→ AIM OF THE EXERCISE: The exercise calls for exact output of the lines between the one that contains "MX5316C629CC Jaguar F-Type" and the end of the data, with both ends kept and pictures left out.

(Crawled caption data)
= Beginning of Section =

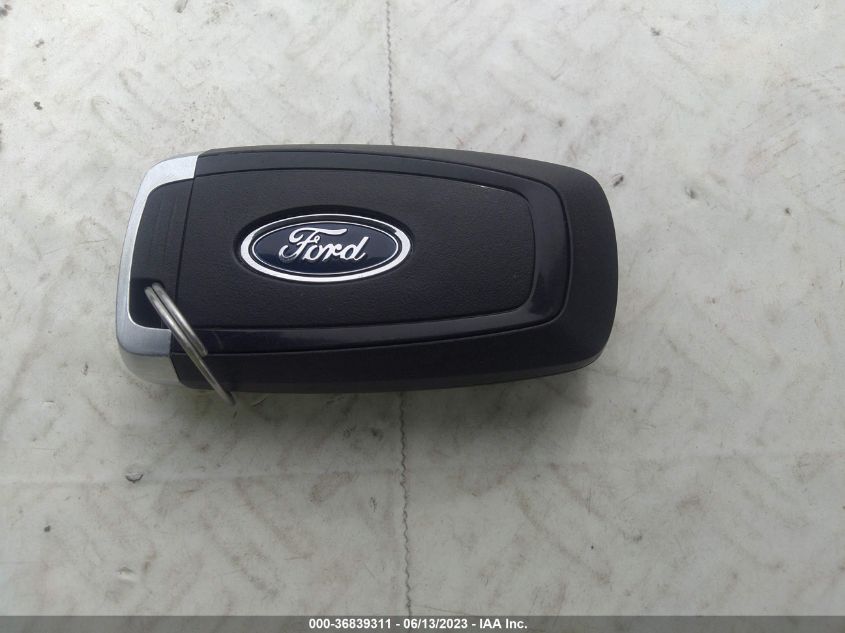 2019 FORD EXPEDITION MAX LIMITED - 1FMJK2AT6KEA04378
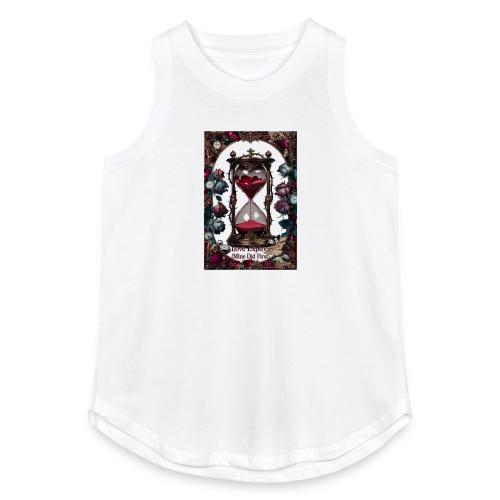 Love Expires (Mine Did First) T-Shirt - Women's Relaxed Tank Top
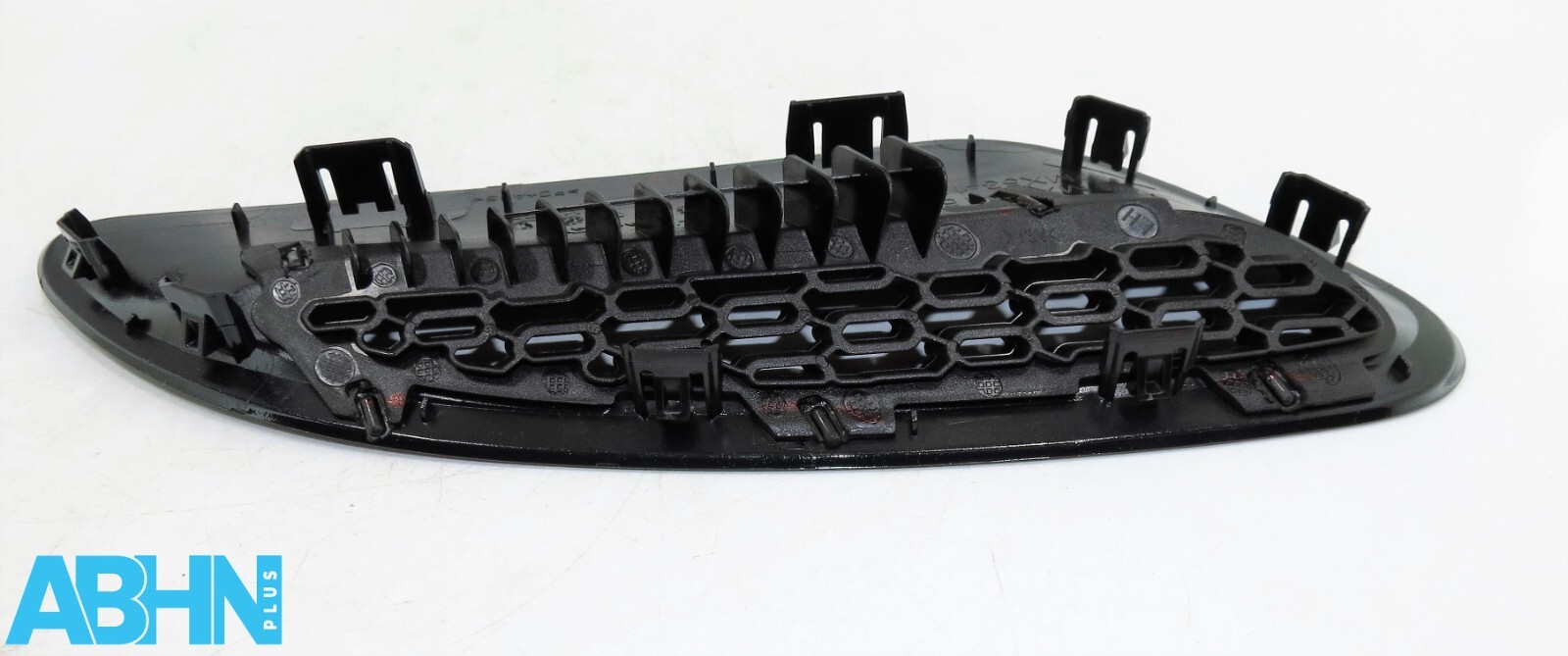 MX5316C629CC Jaguar F-Type Genuine Left Side Bonnet Vent Grille Trim Green HGY* - Image 8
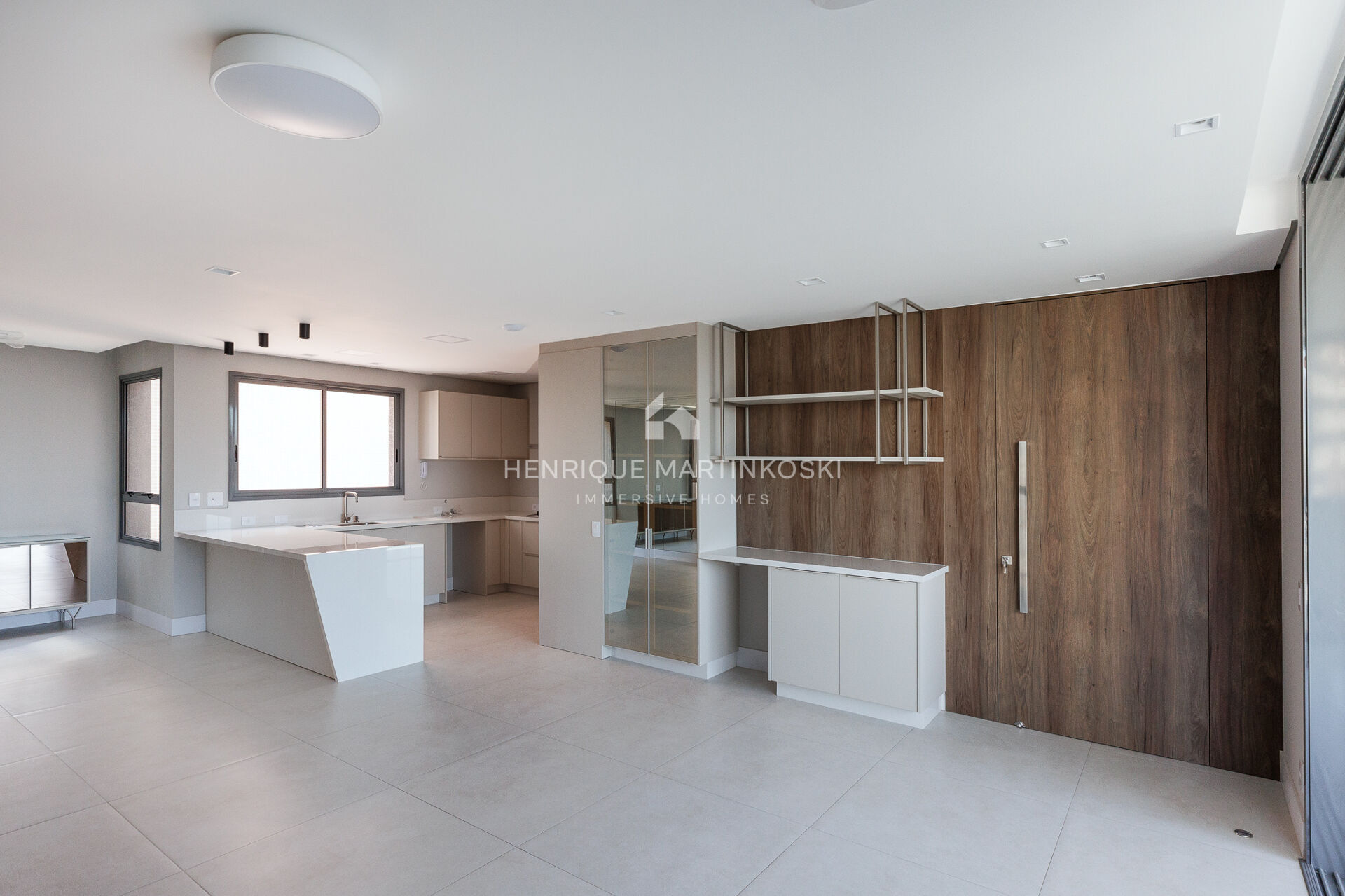 Apartamento, 3 quartos, 157 m² - Foto 7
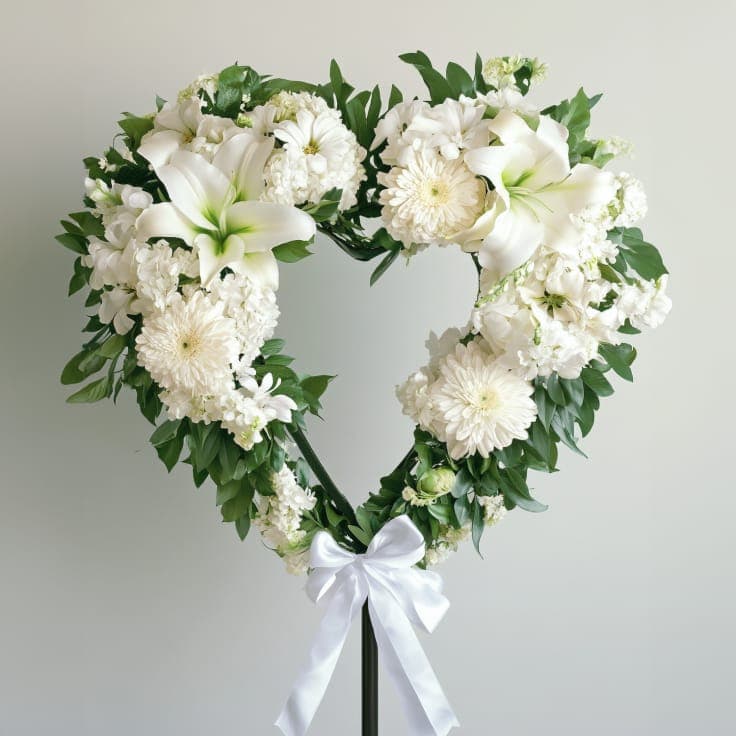 Funeral Wreath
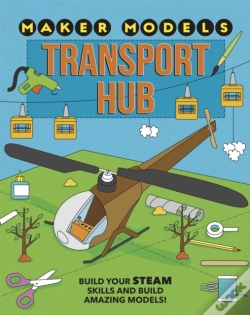 Capa do artigo Maker Models: Transport Hub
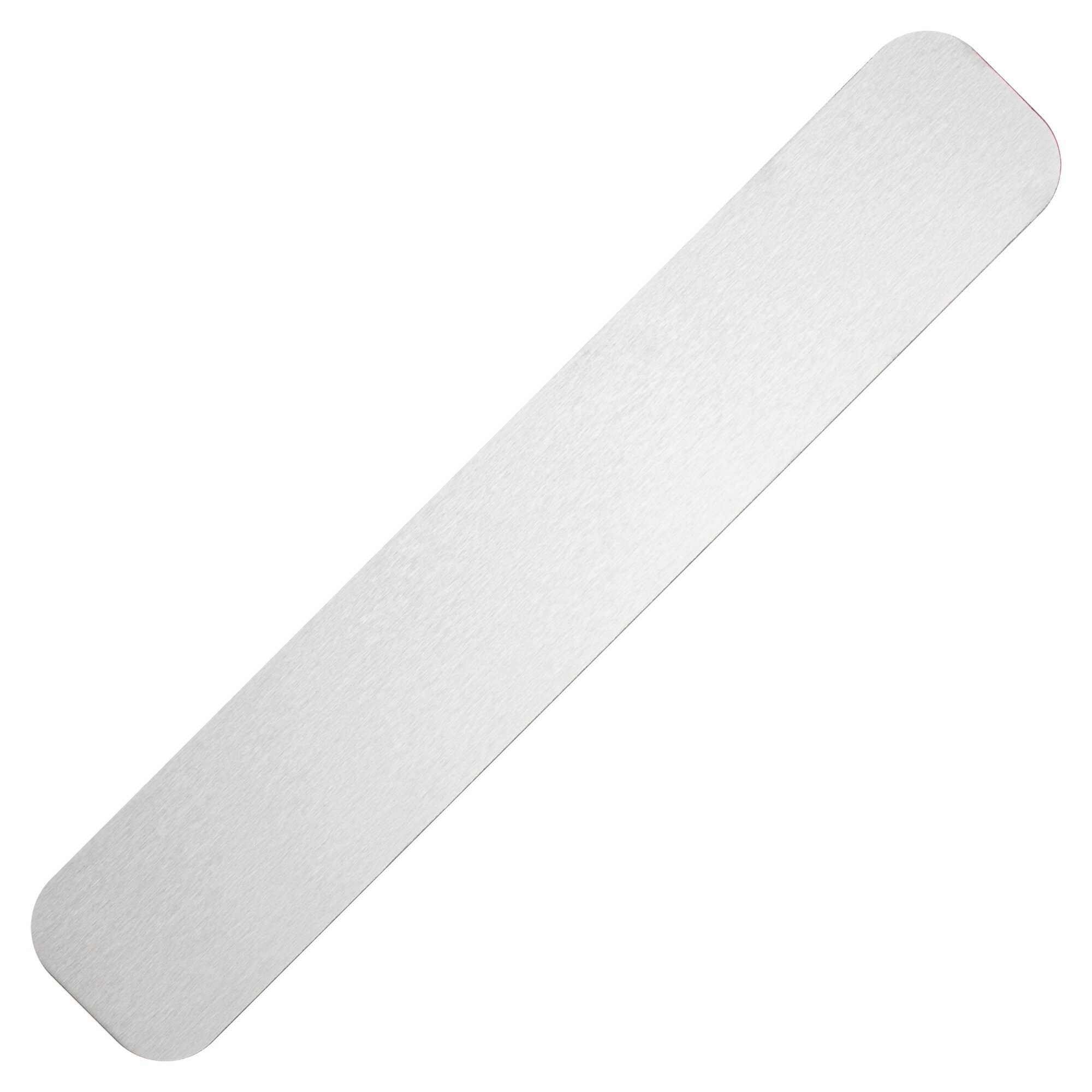 flexiMAGS Magnetboard flexiMAGS, silber, 7 cm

= End of Section =

→ RESPONSE TO THE TASK:
 MX5316C629CC Jaguar F-Type Genuine Left Side Bonnet Vent Grille Trim Green HGY* - Image 8
 Apartamento, 3 quartos, 157 m² - Foto 7
 Funeral Wreath
 Capa do artigo Maker Models: Transport Hub
 flexiMAGS Magnetboard flexiMAGS, silber, 7 cm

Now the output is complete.